ACTION ITEM – Find the line containing "Кроссовки attmpt x" in the entries; transcribe it and all remaining lines through the end, exactly as they appear, but not the pictures.

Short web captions
□ □ □ □ □ □ □

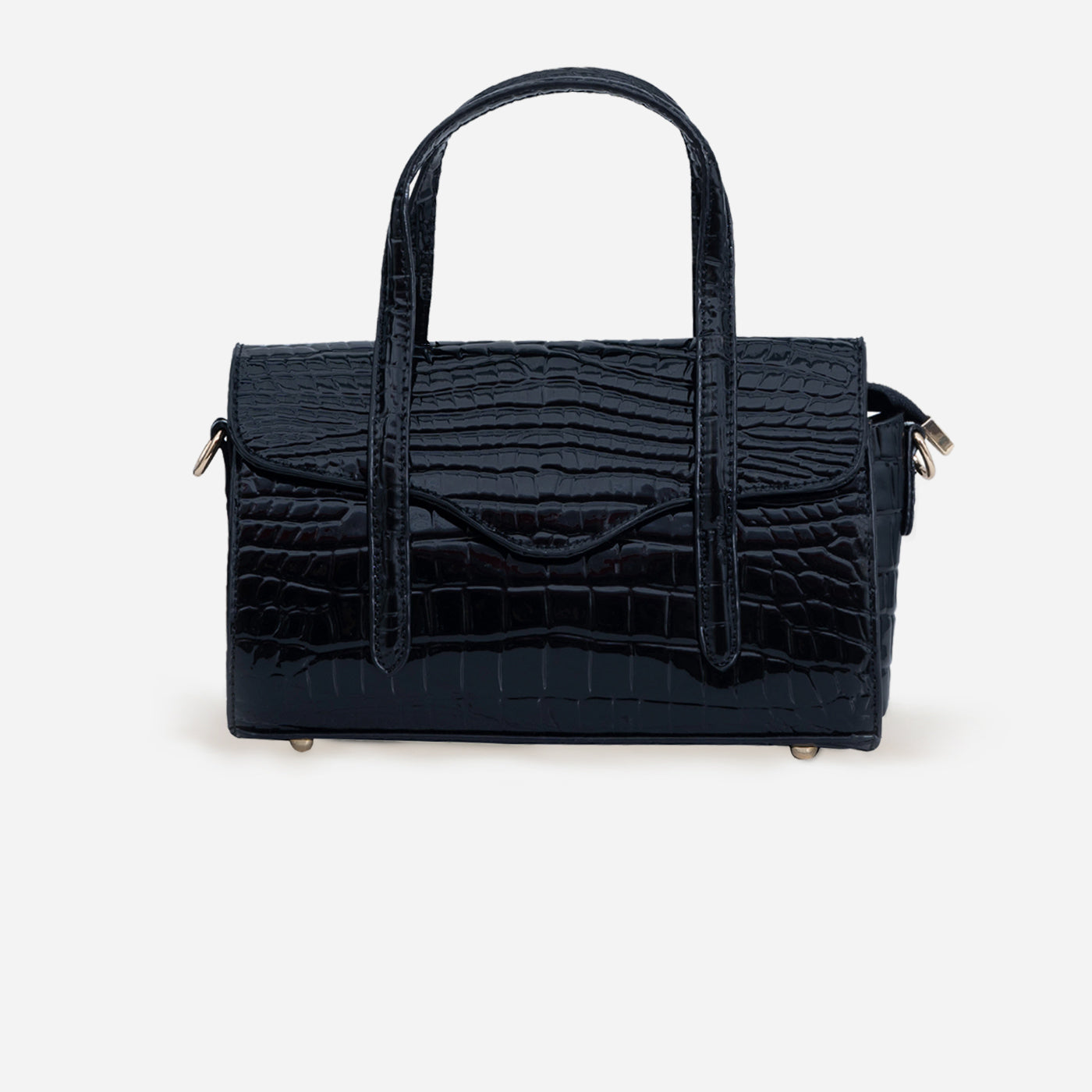 Shelby Croc Shoulder Gerald Bags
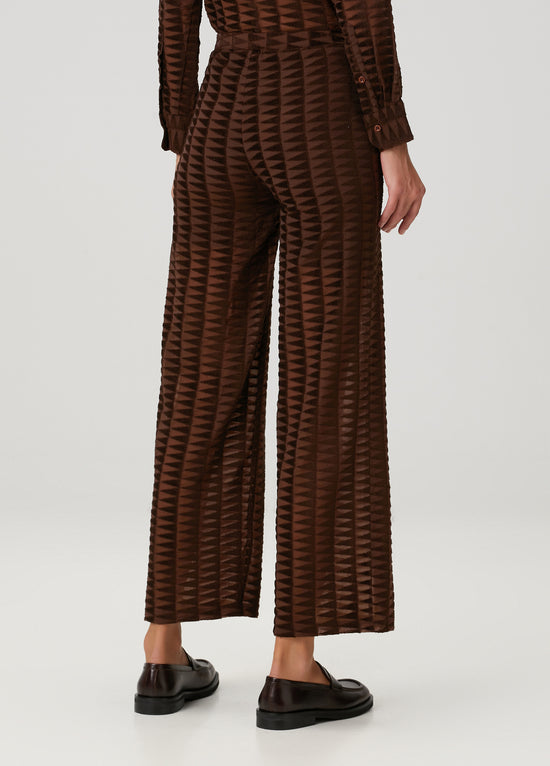 Embossed Tulle Straight Leg Pants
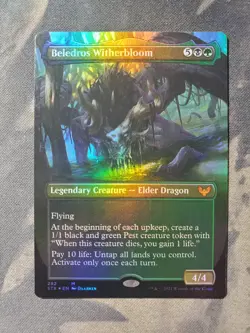 Beledros Witherbloom (STX Borderless Foil) - Image 1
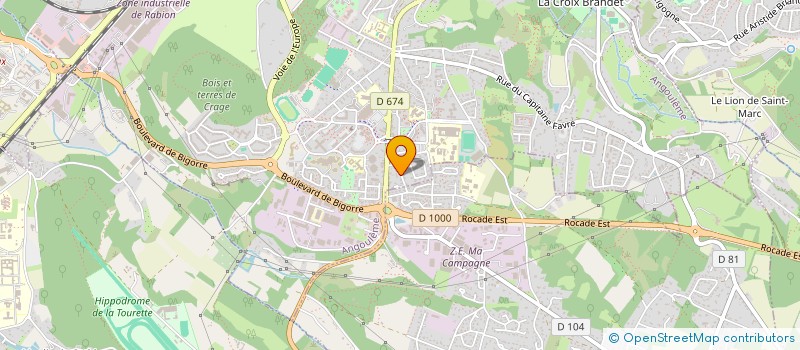 localisation de l'entreprise MONSIEUR JEAN-LOUIS FAZILLAULT à ANGOULEME
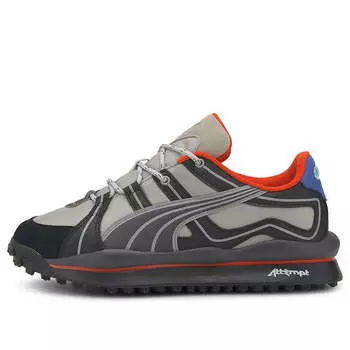 Кроссовки attmpt x style rider 'black steel grey' Puma, черный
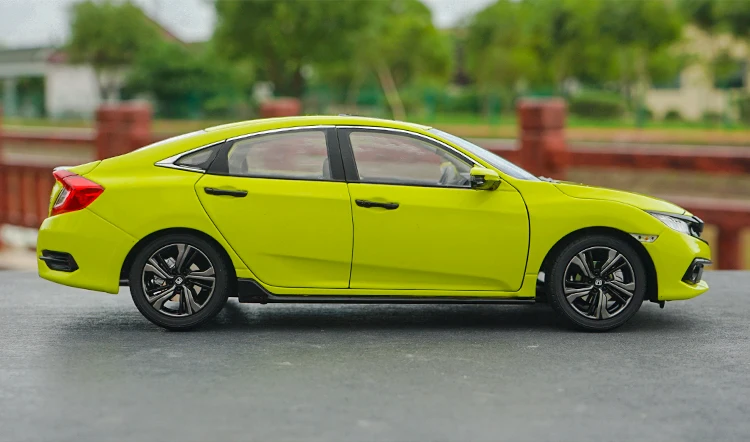 Новые высококачественные модели из сплава 1:18 HONDA CIVIC, имитация высококачественных металлических коллекций и подарков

□ □ □ □ □ □ □

ANSWER FOR THIS EXERCISE –
 Кроссовки attmpt x style rider 'black steel grey' Puma, черный
 Новые высококачественные модели из сплава 1:18 HONDA CIVIC, имитация высококачественных металлических коллекций и подарков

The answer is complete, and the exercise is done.